Work item ▸
Pictures do not belong in the copy; quote every entry below exactly.
[Opening Provided records section]
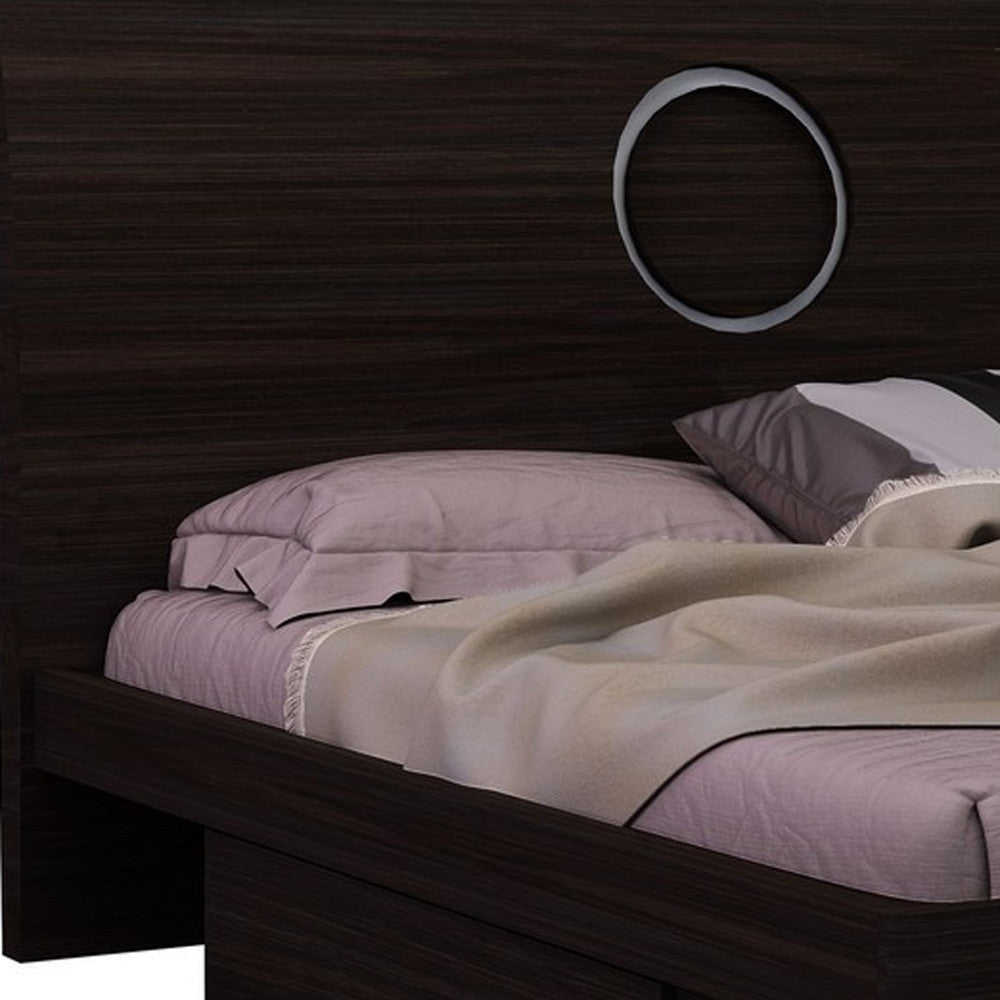 Four Piece Wood Brown Solid Wood Bedroom Set With Mirror-Bedroom Furniture Sets-DECOROLALA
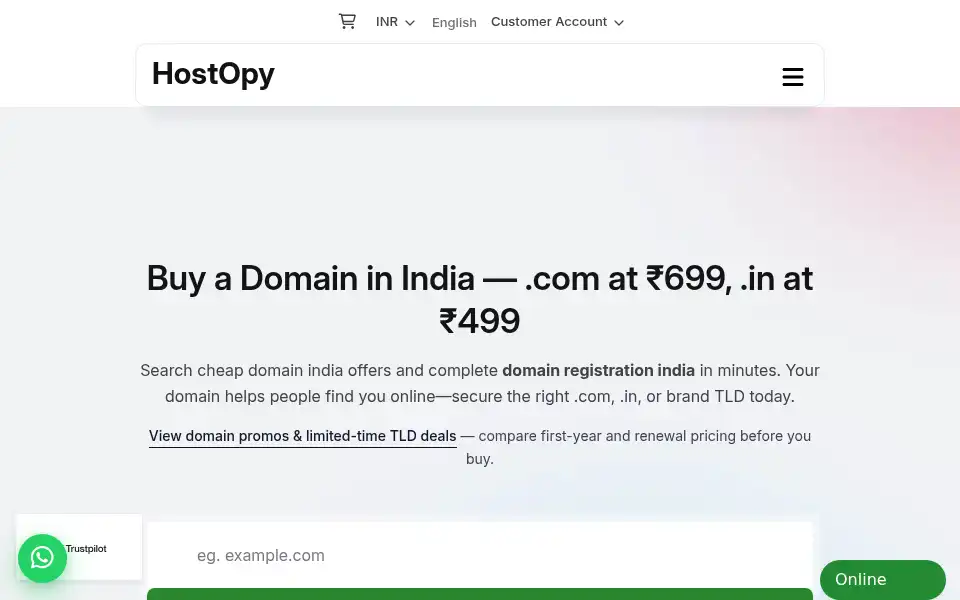 Screenshot of hostopy.com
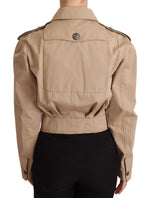 Dolce & Gabbana Elegant Cropped Cotton Jacket in Women's Beige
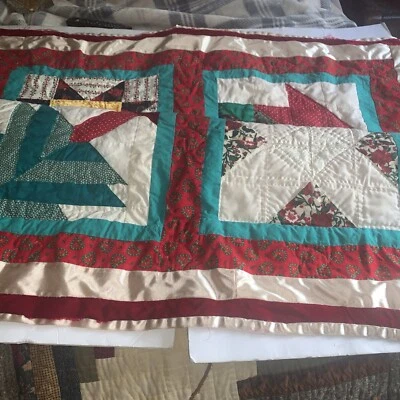 Edredón Vintage Navidad Floral Geométrico Prairiecore Cottagecore Hecho a Mano Foto 1 de 4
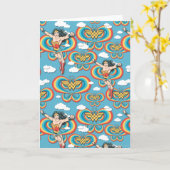 Carte Wonder Woman, une femme qui vole haut Motif (Fleur jaune)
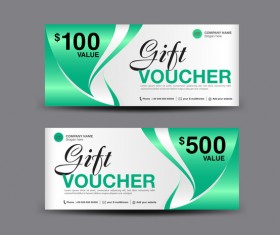 Christmas gift voucher card green vector material 01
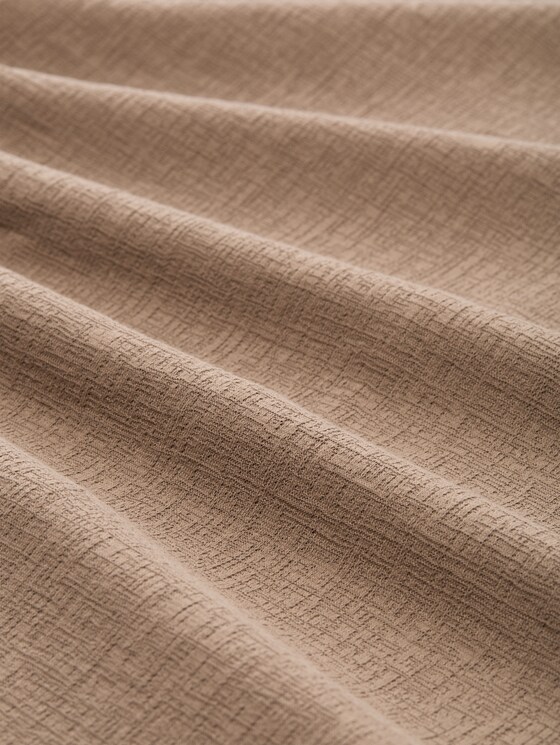 Loose fit T-shirt with lapel collar - taupe grey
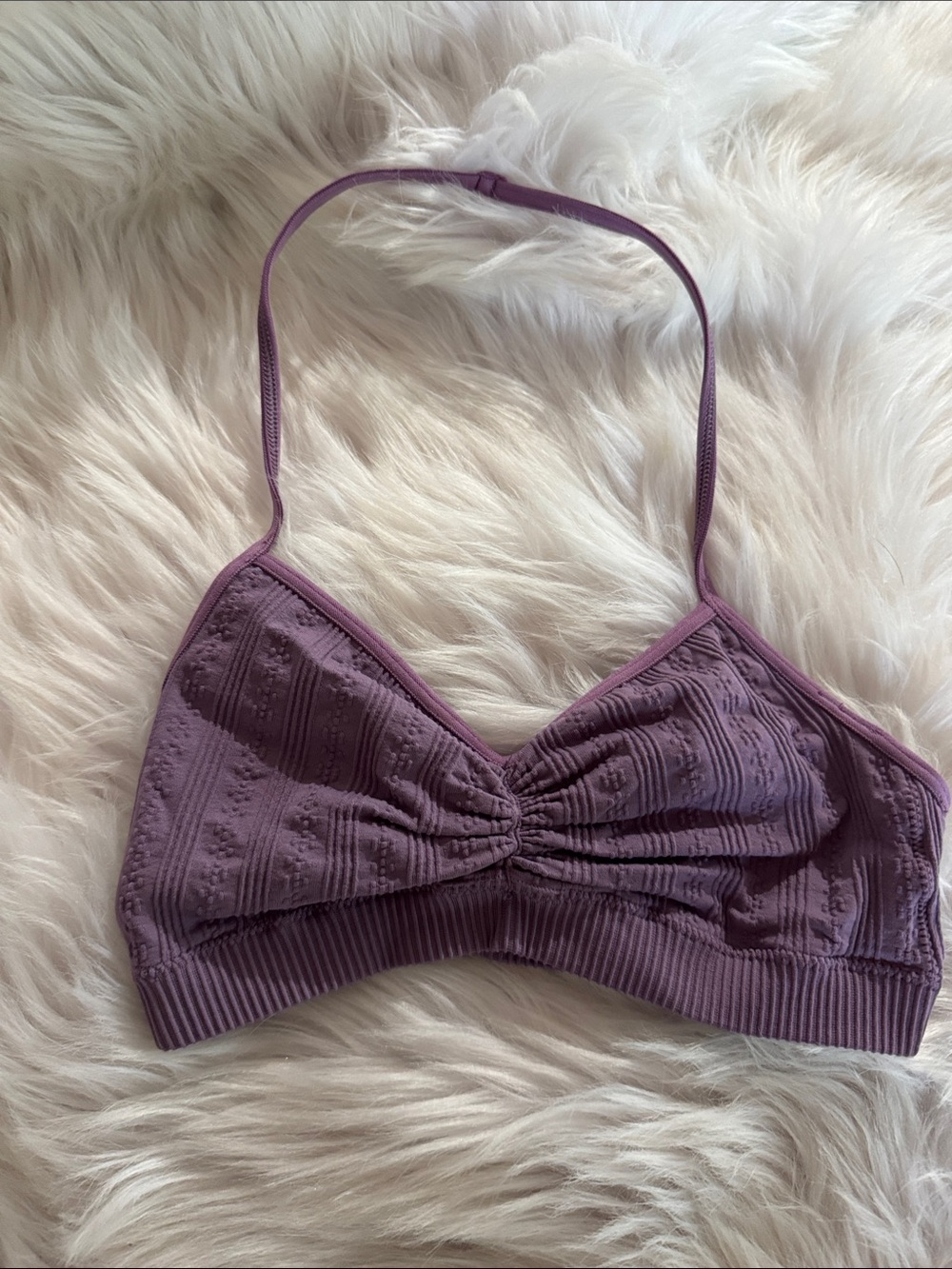 FREE PEOPLE Purple Lace-Texture Bralette - Women's Intimates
[Closing Provided records section]
Exercise result ▸
 Four Piece Wood Brown Solid Wood Bedroom Set With Mirror-Bedroom Furniture Sets-DECOROLALA
 Screenshot of hostopy.com
 Dolce & Gabbana Elegant Cropped Cotton Jacket in Women's Beige
 Edredón Vintage Navidad Floral Geométrico Prairiecore Cottagecore Hecho a Mano Foto 1 de 4
 Carte Wonder Woman, une femme qui vole haut Motif (Fleur jaune)
 Christmas gift voucher card green vector material 01
 Loose fit T-shirt with lapel collar - taupe grey
 FREE PEOPLE Purple Lace-Texture Bralette - Women's Intimates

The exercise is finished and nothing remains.